Jealousy is a complex emotion that humans experience when they have feelings of insecurity or fear. While we don’t typically think of our cats as having similar feelings as we do, they appear to be capable of more than we give them credit for! Some studies indicate that animals are fully capable of experiencing complex emotions such as jealousy, so if your cat is suddenly acting out when you bring home a new dog, it’s not outside of the realm of possibility that they’re feeling jealous over this new family member they didn’t ask for.
Read on to learn more about jealousy in cats, including why they may feel the green monster rear its ugly head and how to address the jealousy before it becomes a harder-to-fix problem.

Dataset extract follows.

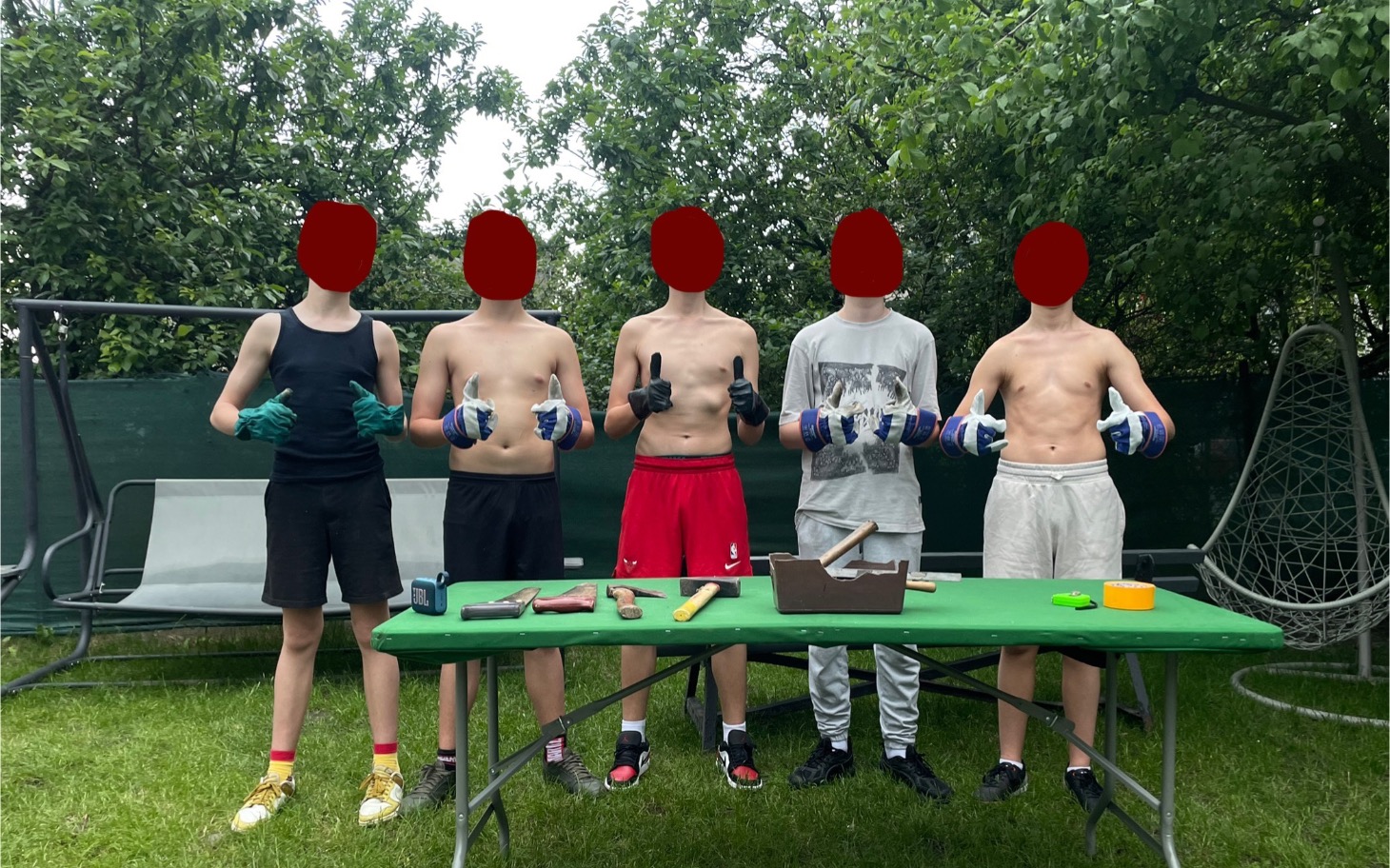
        Grupa dzieci w rękawicach, przygotowujących się do pracy na świeżym powietrzu.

Why Would Cats Be Jealous of Dogs?
Sometimes, when we become jealous, we aren’t able to immediately figure out why. However, we have the cognition skills to turn inward and ask ourselves why we’re feeling that way. Cats aren’t necessarily capable of such complex thinking, though when they display signs of jealousy because of their canine counterpart, there are generally several reasons why.
The Dog Is Annoying Them
Cats typically have very different personality traits than dogs, which may be why they get along much better with other cats than they do with their canine counterparts. Dogs are often very excitable, exuberant, and outgoing. They can be very confident and unafraid, which may be off-putting for cats. If your dog is particularly fond of your cat’s things, like their food bowls or litter box, it could become quite problematic for your kitty.
The Dog Is Invading Their Territory
Cats are territorial creatures and often aren’t unafraid of letting you know exactly how they feel about newcomers entering their space. These territorial feelings may cause jealous behaviors when your dog chooses your cat’s favorite blanket to sleep on or takes up space next to you in bed.
The Cat Feels Neglected
Your kitty may exhibit signs of jealousy simply because they’re feeling like you’re not paying them enough attention. This is especially true if your cat was the only pet in your home before welcoming a dog. They know how much time you used to spend with them and might be unhappy about having to share that time with this new annoying, territory-invading dog.
What Are the Signs of Jealousy in Cats?
It may be obvious that our cats are feeling a particular way, so it’s always a good idea to pay close attention to the little signs your kitty sends you to let you know how they’re feeling. Some of the most common behavioral clues that your cat is feeling jealous of the family dog include:
- Acting possessive of their human
- Seeking more attention
- Destructive behavior (like clawing at things)
How to Address Jealous Behavior
Managing your jealous cat’s behaviors can be tough, but you must try. Ignoring the problem will not make it go away and can make your cat’s behavioral issues worse. There are several things you can do to make living alongside your dog easier and healthier for your kitty.
Give Lots of Attention
The easiest way to address jealous behavior is by ensuring you’re spending time every day with your cat. If your dog likes to be part of the goings-on in your home, you’ll need to set aside some one-on-one time for just you and your cat. You know your cat’s personality best, so cater your time to their preferences. For example, if your kitty loves to play, set aside time to play with them. If they prefer snuggling up in your lap, make sure you’re giving them time to do so uninterrupted.
Give Them a Dog-Free Zone
To address the territorial issues your kitty may be facing having to share their space with the dog, consider offering them a dog-free area of the home. Some ways to achieve this include setting up blockades like baby gates to keep your dog out or providing high shelving that only your cat can access. Installing a cat door that your pup can’t fit through is another great option.
Do a Proper Introduction
Another way to prevent jealous behaviors from starting in the first place is to introduce new pets slowly and deliberately. Never allow your cat and dog to intermingle the moment you bring your pup home. Ideally, both animals would be kept separate for several weeks until they’ve had a chance to adjust to each other’s presence.
Call in the Professionals
If the above techniques don’t address your cat’s jealousy issues, you may need to call in reinforcements. Some people specialize in cat behavior and can provide some much-needed insight and tips to help with your kitty’s problem behaviors. This will typically involve behavior medication, though they may make suggestions on routine changes or advice on enrichment you can add to your pet’s life.
We may never know for certain if cats feel jealousy the same way we do as humans. However, experts often agree that our feline family members are capable of feeling more complex emotions than we give them credit for. So, if your kitty is acting out after you bring a new dog home, it could very well be that some jealousy issues are afoot. We hope our tips help you address the problem before it becomes more serious.